Data to process:
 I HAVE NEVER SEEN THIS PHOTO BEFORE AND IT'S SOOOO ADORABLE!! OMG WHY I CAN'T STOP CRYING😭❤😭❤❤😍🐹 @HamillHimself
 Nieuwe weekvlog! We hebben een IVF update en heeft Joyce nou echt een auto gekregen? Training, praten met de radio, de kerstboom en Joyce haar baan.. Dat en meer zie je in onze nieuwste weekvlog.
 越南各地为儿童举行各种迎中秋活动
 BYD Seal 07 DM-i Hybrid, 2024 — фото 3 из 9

* * *

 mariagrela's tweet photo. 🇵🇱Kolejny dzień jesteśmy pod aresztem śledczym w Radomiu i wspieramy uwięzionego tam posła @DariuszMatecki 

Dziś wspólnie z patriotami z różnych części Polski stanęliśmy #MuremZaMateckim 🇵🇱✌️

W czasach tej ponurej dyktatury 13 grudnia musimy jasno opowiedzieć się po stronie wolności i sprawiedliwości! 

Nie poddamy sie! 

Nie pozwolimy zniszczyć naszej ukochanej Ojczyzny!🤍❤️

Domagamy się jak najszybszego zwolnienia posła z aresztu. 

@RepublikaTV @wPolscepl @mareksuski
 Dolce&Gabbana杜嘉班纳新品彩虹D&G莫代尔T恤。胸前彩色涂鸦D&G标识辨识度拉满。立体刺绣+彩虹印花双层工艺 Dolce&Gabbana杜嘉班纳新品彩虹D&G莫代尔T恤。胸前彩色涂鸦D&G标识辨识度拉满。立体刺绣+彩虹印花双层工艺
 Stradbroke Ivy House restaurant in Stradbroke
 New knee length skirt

* * *

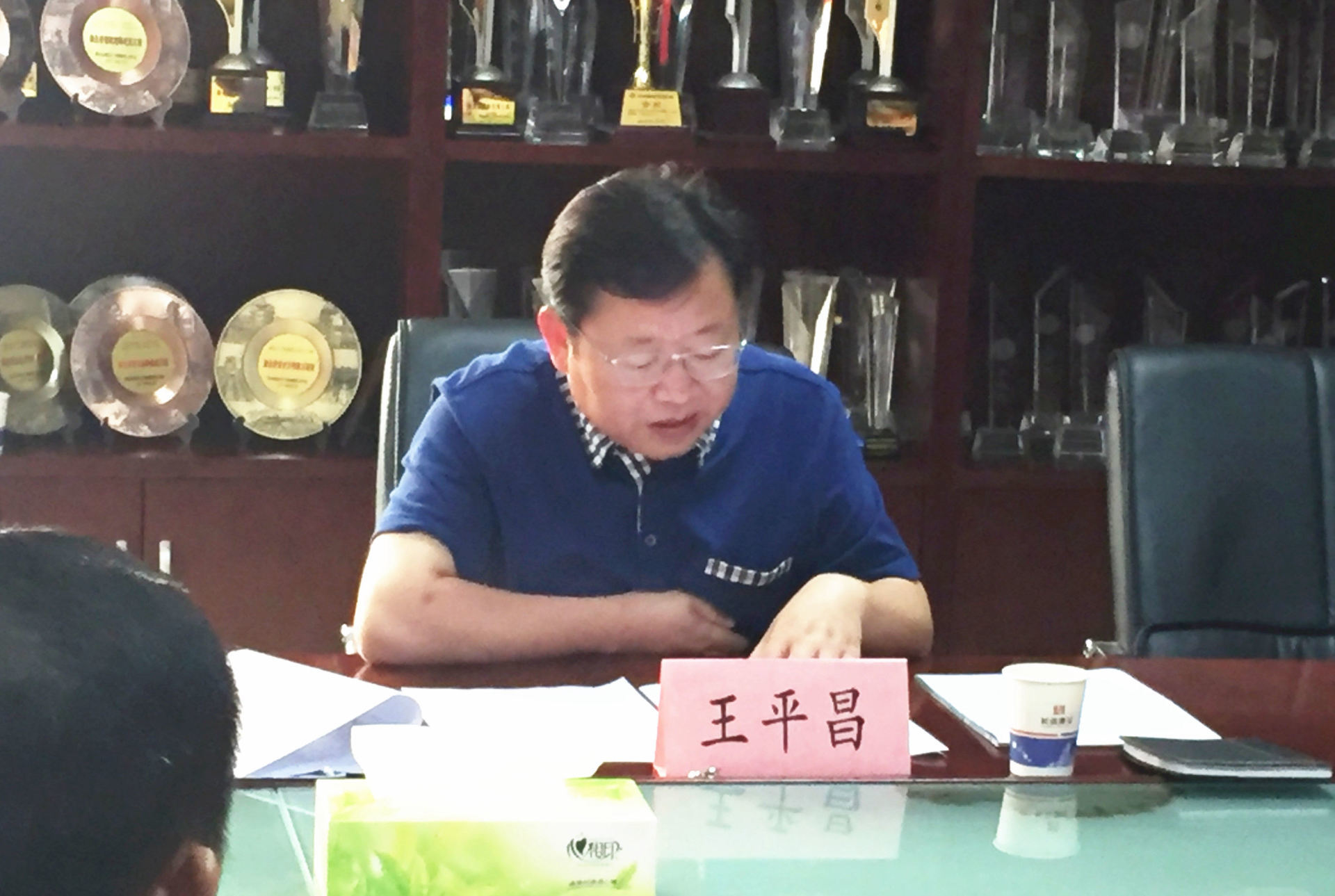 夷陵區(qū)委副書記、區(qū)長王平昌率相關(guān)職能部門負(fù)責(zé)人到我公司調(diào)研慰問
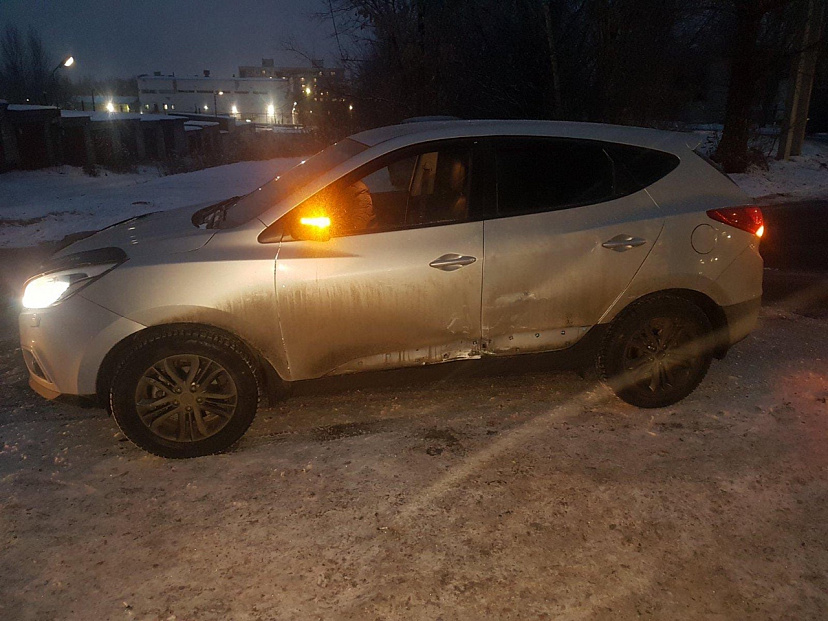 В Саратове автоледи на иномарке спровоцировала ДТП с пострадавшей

Required action: Filter the data for the string "posła". Copy each matching line.

Your response:
 mariagrela's tweet photo. 🇵🇱Kolejny dzień jesteśmy pod aresztem śledczym w Radomiu i wspieramy uwięzionego tam posła @DariuszMatecki 
Domagamy się jak najszybszego zwolnienia posła z aresztu. 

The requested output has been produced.